For large-scale landed property, as in England, drives the overwhelming majority of the population into the arms of industry and reduces its own workers to total misery. In this way, it creates and increases the power of its enemy, capital and industry, by driving the poor and an entire range of activities over to the other side. It makes the majority of the country industrial, and hence antagonistic to landed property. Where industry has acquired great power, as in England, it gradually forces large landed property to give up its monopoly against foreign countries and obliges it to compete with foreign landed property. For under the rule of industry, landed property could maintain its feudal proportions only by means of a monopoly against foreign countries, so as to protect itself against the universal laws of trade which contradict its feudal nature. Once exposed to competition, it is forced to obey the laws of competition, just like any other commodity which is subject to them. It too begins to fluctuate, to increase and diminish, to fly from one hand into another, and no law is any longer capable of keeping it in a few predestined hands, or, at any event, surrender to the power of the industrial capitalists.
Finally, large landed property, which has been forcibly preserved in this way and which has given rise alongside itself to an extensive industry, leads more rapidly to a crisis than does the division of landed property, alongside which the power of industry invariably takes second place.

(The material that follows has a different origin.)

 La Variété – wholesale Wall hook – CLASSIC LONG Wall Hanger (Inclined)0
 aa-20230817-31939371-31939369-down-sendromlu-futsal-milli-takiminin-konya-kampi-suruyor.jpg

It is clear from the case of England that large landed property has cast off its feudal character and assumed an industrial character insofar as it wants to make as much money as possible. It yields the owner the biggest possible rent and the tenant the biggest possible profit on his capital. As a consequence, the agricultural workers have already been reduced to a minimum, and the class of tenant farmers already represents within landed property the might of industry and capital. As a result of foreign competition, ground rent more or less ceases to be an independent source of income. A large part of the landowners is forced to take over from the tenants, some of whom are consequently reduced to the proletariat. On the other hand, many tenants will take possession of landed property; for the big landowners, who have given themselves up for the most part to squandering their comfortable revenue and are generally not capable of large-scale agricultural management, in many cases have neither the capital nor the ability to exploit the land. Therefore, a section of the big landowners is also ruined. Eventually wages, which have already been reduced to a minimum, must be reduced even further in order to meet the new competition, This then leads necessarily to revolution.
Landed property had to develop in each of these two ways, in order to experience in both of them its necessary decline; just as industry had to ruin itself both in the form of monopoly and in the form of competition before it could believe in man.